All of lore.kernel.org
 help / color / mirror / Atom feed
* Any tips for improving the performance of cloning large repositories?
@ 2011-12-16 13:02 Alex Bennee
  2011-12-16 13:11 ` Hallvard Breien Furuseth
  0 siblings, 1 reply; 7+ messages in thread
From: Alex Bennee @ 2011-12-16 13:02 UTC (permalink / raw)
  To: git

Hi,

We've migrated our old CVS repository into GIT without too many
issues. However now we are rolling out the usage of the new repository
we are hitting some performance bottlenecks, especially on the initial
clone (something our buildbot instance does a lot).

Our repo is large, my .git is around 2.5G although the central repo
has a 1.7Gb single pack file. However some machines handle the cloning
better than others. For one thing the clone process seems to involve
the receiving side needing a large glob of memory which causes
problems when there is memory pressure.

I've tried tweaking the pack size from unlimited to 256m but this
seems to have increased the clone time as the receiving end attempts
to re-pack everything back into an uber-pack.

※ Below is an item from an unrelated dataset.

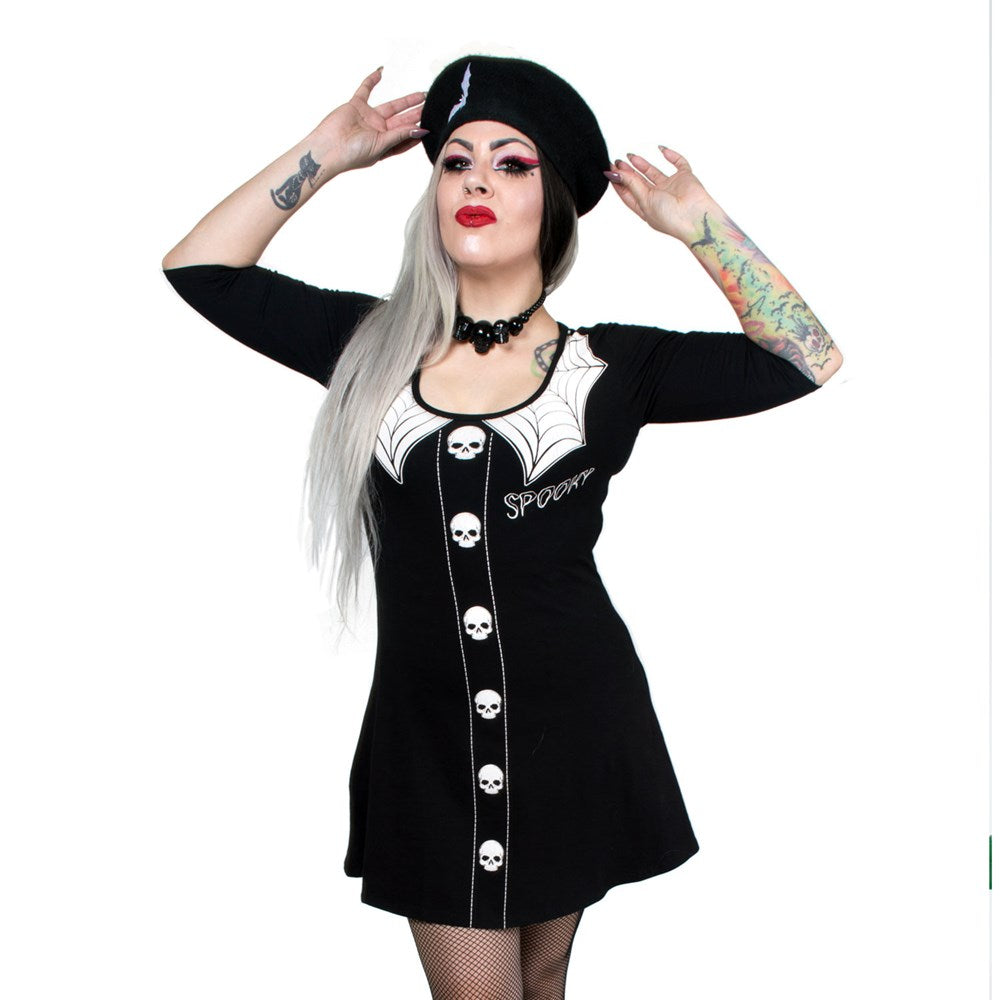 Spooky Girl Flare 3/4 Sleeve Dress - Kreepsville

Another thing that I've noticed is very high systime on the receiving
machines as ethernet and disk I/O is heavily hit.

So what I'm looking for are some tips on how I can tweak
configurations to make the clone process a little less I/O and memory
heavy. Any suggestions?

One thing I did try was a rsync'ed local repo in /var/cache/repos
which the clone command used for reference with something like:

git clone --local --reference /var/cache/repo.git git://repo/repo.git

But that didn't help as it seems to copy the whole thing anyway.

-- 
Alex, homepage: http://www.bennee.com/~alex/
http://www.half-llama.co.uk

^ permalink raw reply	[flat|nested] 7+ messages in thread

* Re: Any tips for improving the performance of cloning large repositories?
  2011-12-16 13:02 Any tips for improving the performance of cloning large repositories? Alex Bennee
@ 2011-12-16 13:11 ` Hallvard Breien Furuseth
  2011-12-16 13:39   ` Hallvard Breien Furuseth
  0 siblings, 1 reply; 7+ messages in thread
From: Hallvard Breien Furuseth @ 2011-12-16 13:11 UTC (permalink / raw)
  To: Alex Bennee; +Cc: git

Alex Bennee writes:
> We've migrated our old CVS repository into GIT without too many
> issues. However now we are rolling out the usage of the new repository
> we are hitting some performance bottlenecks, especially on the initial
> clone (something our buildbot instance does a lot).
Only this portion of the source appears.